11.3 Exercise: Ozone
Load the Ozone data in the plyr
package This is a 24x24x72 numeric array which contains monthly ozone averages on a coarse (24 x 24 grid) covering Central America, from Jan 1995 to Dec 2000. Below, for example, is a plot of ozone concentrations on August 1995:
require(plyr); require(maps); require(fields)
O3 <- plyr::ozone
lat <- as.numeric(row.names(O3[,,1]))
long <- as.numeric(colnames(O3[,,1]))
image.plot(long,lat,O3[,,8])
map("world", add=TRUE, lwd=2, fill=FALSE)

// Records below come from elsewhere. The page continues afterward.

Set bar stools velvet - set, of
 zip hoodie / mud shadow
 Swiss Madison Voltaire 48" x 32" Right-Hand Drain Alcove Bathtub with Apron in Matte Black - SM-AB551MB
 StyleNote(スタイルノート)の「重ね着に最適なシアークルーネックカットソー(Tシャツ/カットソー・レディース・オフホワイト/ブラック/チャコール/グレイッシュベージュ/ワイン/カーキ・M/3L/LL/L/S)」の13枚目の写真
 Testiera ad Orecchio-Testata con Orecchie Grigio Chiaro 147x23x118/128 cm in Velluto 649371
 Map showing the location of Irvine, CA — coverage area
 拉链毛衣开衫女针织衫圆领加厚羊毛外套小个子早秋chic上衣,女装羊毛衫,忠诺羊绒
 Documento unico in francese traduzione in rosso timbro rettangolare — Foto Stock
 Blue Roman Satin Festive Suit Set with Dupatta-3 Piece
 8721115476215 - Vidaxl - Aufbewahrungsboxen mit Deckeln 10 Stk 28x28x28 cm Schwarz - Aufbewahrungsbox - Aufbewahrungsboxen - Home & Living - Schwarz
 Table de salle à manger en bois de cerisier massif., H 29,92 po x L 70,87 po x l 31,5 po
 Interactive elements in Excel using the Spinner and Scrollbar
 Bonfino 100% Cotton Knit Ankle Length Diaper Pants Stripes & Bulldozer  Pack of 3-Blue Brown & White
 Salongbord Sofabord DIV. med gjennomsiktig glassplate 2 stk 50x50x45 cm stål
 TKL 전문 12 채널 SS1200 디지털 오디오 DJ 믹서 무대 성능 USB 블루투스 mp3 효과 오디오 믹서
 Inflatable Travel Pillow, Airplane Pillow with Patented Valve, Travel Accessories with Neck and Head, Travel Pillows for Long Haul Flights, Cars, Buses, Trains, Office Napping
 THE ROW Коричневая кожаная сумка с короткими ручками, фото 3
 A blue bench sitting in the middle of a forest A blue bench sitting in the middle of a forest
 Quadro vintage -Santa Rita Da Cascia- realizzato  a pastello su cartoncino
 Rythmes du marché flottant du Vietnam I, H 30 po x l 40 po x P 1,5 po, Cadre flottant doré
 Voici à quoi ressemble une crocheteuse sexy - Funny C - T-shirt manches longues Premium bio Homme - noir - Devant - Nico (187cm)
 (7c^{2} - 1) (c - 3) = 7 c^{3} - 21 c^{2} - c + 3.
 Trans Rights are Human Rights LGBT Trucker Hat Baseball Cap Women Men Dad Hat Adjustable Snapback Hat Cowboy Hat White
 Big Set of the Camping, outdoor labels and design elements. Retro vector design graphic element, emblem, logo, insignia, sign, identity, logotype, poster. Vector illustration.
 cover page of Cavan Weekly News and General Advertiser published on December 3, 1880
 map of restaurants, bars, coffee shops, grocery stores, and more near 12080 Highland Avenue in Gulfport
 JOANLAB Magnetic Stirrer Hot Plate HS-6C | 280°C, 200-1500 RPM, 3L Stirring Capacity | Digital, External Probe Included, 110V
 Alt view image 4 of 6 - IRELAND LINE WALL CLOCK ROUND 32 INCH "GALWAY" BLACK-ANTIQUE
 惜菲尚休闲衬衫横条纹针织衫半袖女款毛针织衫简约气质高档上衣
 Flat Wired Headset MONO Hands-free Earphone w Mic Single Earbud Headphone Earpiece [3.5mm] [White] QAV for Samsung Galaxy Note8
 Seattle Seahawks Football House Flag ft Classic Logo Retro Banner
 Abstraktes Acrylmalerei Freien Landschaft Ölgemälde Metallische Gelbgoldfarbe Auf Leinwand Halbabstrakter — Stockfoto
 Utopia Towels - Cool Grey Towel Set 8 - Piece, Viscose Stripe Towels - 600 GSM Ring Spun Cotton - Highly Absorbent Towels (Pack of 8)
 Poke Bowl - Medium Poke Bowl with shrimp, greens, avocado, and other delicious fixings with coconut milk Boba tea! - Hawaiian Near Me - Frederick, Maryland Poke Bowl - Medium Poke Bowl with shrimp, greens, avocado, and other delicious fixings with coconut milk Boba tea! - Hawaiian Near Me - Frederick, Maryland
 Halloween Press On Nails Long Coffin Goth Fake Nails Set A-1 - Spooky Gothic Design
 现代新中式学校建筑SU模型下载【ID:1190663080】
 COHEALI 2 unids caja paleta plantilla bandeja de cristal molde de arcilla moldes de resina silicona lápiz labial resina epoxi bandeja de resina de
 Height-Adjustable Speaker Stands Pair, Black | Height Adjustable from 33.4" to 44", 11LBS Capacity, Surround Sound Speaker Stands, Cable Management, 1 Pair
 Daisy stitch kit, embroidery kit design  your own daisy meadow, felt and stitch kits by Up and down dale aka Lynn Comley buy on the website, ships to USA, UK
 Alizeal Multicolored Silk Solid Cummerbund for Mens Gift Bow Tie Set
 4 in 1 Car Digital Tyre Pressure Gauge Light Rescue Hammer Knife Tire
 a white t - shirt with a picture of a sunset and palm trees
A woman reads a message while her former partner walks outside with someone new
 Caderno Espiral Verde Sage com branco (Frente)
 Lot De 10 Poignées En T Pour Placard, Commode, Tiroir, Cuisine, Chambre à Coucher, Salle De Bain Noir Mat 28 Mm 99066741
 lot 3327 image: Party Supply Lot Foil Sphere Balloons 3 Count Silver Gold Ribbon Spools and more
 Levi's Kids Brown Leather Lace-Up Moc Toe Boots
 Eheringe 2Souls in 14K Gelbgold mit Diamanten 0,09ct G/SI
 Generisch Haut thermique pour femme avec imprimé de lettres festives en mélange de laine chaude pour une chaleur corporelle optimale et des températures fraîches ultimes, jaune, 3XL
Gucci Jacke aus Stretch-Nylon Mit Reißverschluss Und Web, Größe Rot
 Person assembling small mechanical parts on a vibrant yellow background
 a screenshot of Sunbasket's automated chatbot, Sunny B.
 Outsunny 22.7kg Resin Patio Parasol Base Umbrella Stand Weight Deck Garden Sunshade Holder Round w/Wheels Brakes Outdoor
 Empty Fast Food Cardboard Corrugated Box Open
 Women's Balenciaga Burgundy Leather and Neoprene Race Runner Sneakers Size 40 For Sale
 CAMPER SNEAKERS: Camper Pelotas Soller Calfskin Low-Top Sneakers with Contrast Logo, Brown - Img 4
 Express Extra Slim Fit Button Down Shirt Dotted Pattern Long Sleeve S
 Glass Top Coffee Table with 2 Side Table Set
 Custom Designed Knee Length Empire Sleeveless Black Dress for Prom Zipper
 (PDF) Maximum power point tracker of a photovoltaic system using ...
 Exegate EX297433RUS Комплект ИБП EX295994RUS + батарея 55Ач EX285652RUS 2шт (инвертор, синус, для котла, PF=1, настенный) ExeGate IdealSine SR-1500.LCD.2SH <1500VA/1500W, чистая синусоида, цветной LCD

Note that these data can be easily “reshaped” to a more classic data frame using the melt()
function in reshape2
:
lat long time value
1 -21.2 -113.8 1 260
2 -18.7 -113.8 1 258
3 -16.2 -113.8 1 258
4 -13.7 -113.8 1 254
5 -11.2 -113.8 1 252
6 -8.7 -113.8 1 252
To add the “correct” month and year to this data frame:
An important additional tweak - we don’t actually want to do spatial analysis in latitude/longitude. We need to convert to a consistent unit (e.g. in km). This is a fairly large area, and the distortion of the earth might distort any projection, but this seems like a good one: https://epsg.io/5367. We use our spatial data skills for earlier chapters:
require(sf); require(magrittr)
O3.sf <- st_as_sf(O3.df, coords = c("long","lat")) %>% st_set_crs(4326) %>%
st_transform(5367)
xy <- st_coordinates(O3.sf)
O3.df <- data.frame(O3.df, xy)
For the analysis below, pick any month and year combination.
Map the ozone concentration for that month/year combination.
Perform a straightforward linear regression of ozone concentrations against East and North. Does there appear to be a East-West or North-South trend in either of those directions?
Estimate the spatial scale of autocorrelation in ozone concentrations.
Does taking that correlation into account change your conclusions about longitudinal or latitudinal trends in ozone concentration?
Bonus Problem: Write a function that performs this analysis for any year month combination. Perform it across all months. Are there any consistent annual patterns in (a) spatial scale of correlation and (b) longitudinal and latitudinal trends in ozone?